In his poignant piece, Bhogle writes; “So why are we creating fear? Why are we driving wedges into society? Instead of giving this generation wings to fly, why are we putting a weight on their backs? Why are we obsessed about our neighbours when, as an economic entity, they aren't even in the same book, let alone on the same page as us?. We are shrinking our country by highlighting our differences and young India is telling us it isn't happy.”
It ends with an emotional appeal for the leaders of this country. Bhogle writes: "Winning elections isn't a good enough reason for highlighting differences between us. My naive view of the world tells me that creating opportunities through liberalisation and openness and togetherness could win more elections. So my appeal to people in power, to those my age and older is simply this. We have played a very nice innings, we have been lucky to have been Indians for the last twenty five years. Let us not burden the next generation with talk of war and cultural differences. They are going to be better than we were. Let them be. In a happy, open, secular, liberal world, they can become the best in the world.”
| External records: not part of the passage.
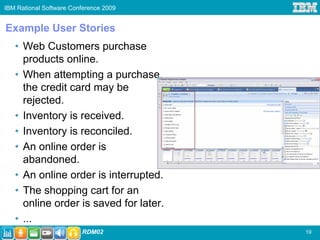 IBM Rational Software Conference 2009


Example User Stories
   • Web Customers purchase
     products online.
   • When attempting a purchase,
     the credit card may be
     rejected.
   • Inventory is received.
   • Inventory is reconciled.
   • An online order is
     abandoned.
   • An online order is interrupted.
   • The shopping cart for an
     online order is saved for later.
   • ...
                         RDM02          19
 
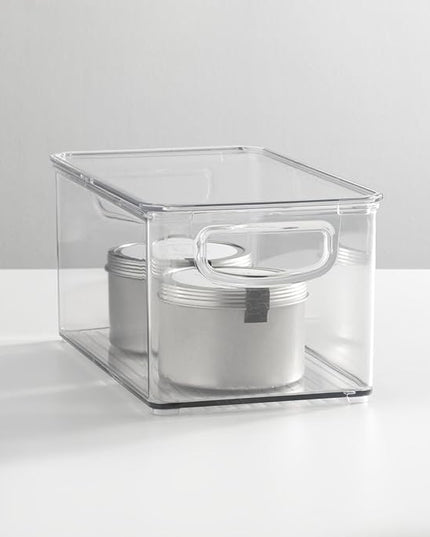 mDesign Plastic Deep Storage Bin Box Container with Lid and Built-In Handles - Organization for Fruit, Snacks, or Food in Kitchen Pantry, Cabinet, or Cupboard, Ligne Collection, 2 Pack, Clear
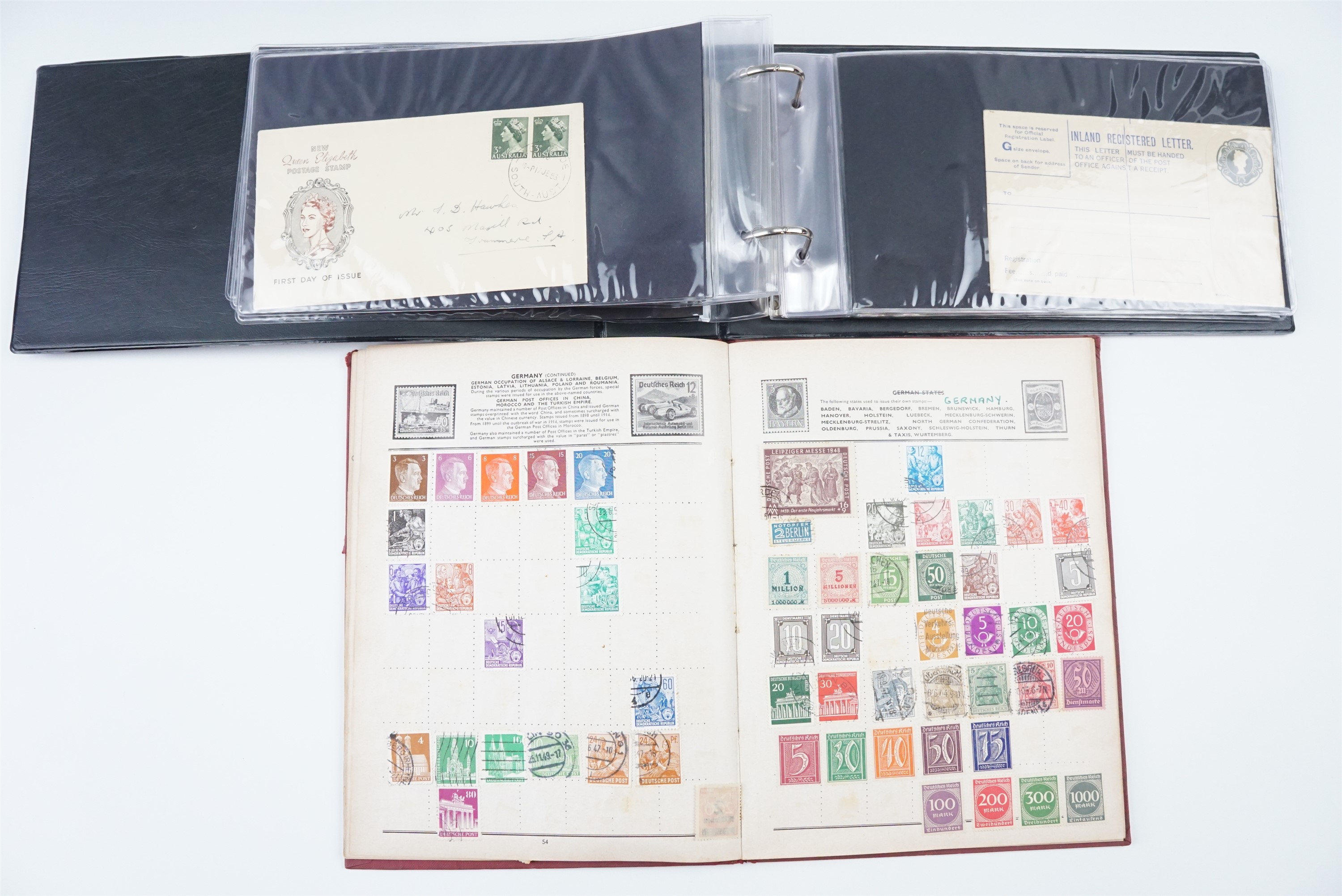 An album of First Day Covers, 1940s - 1970s, other covers, stamps etc, together with a juvenile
This led one Twitter user to make the internet’s favourite Nazi analogy. Twitter user DennisCricket wrote: “I can only applaud Harsha for this. His India is broken. No other country’s leader or ruling party in the world is consistently being compared to Nazis. On this issue, we all need to be Harsha. Except for @GautamGambhir. He has chosen to be a figurehead for the party of division.”
This led to a sharp rebuke from Bhogle who wrote: “No Dennis, my India isn't broken. It is full of vibrant young people doing amazing things too. We are a fully functional, mature democracy. We might voice our dissent, our disappointment at times but we are fiercely Indian. That word you used in comparison.....never.”